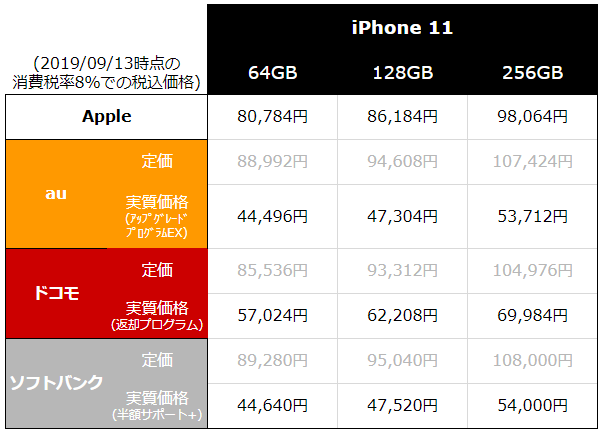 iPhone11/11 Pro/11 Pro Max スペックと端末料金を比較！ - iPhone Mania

________

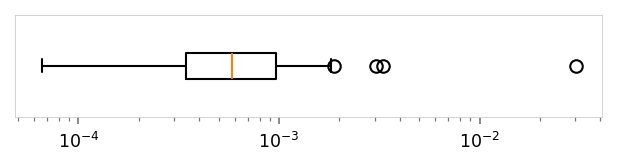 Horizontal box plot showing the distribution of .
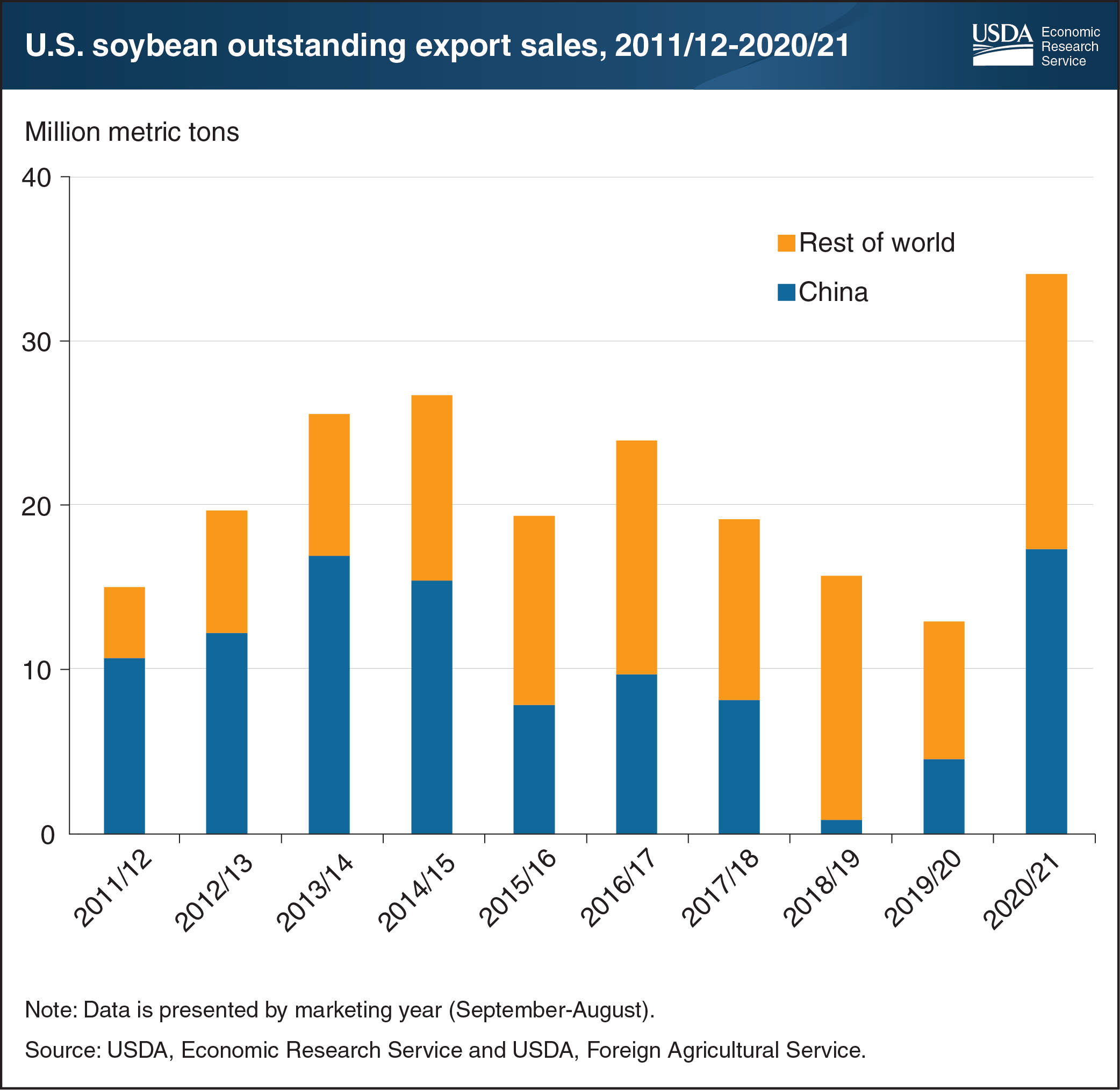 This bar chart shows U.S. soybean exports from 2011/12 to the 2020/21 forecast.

________

:: Task ::
An exact copy of the lines above from the one with "Horizontal box plot" up to and including the one with "This bar chart" is required; reproduce only those lines, omitting all pictures.

:: Expected answer ::
 Horizontal box plot showing the distribution of .
 This bar chart shows U.S. soybean exports from 2011/12 to the 2020/21 forecast.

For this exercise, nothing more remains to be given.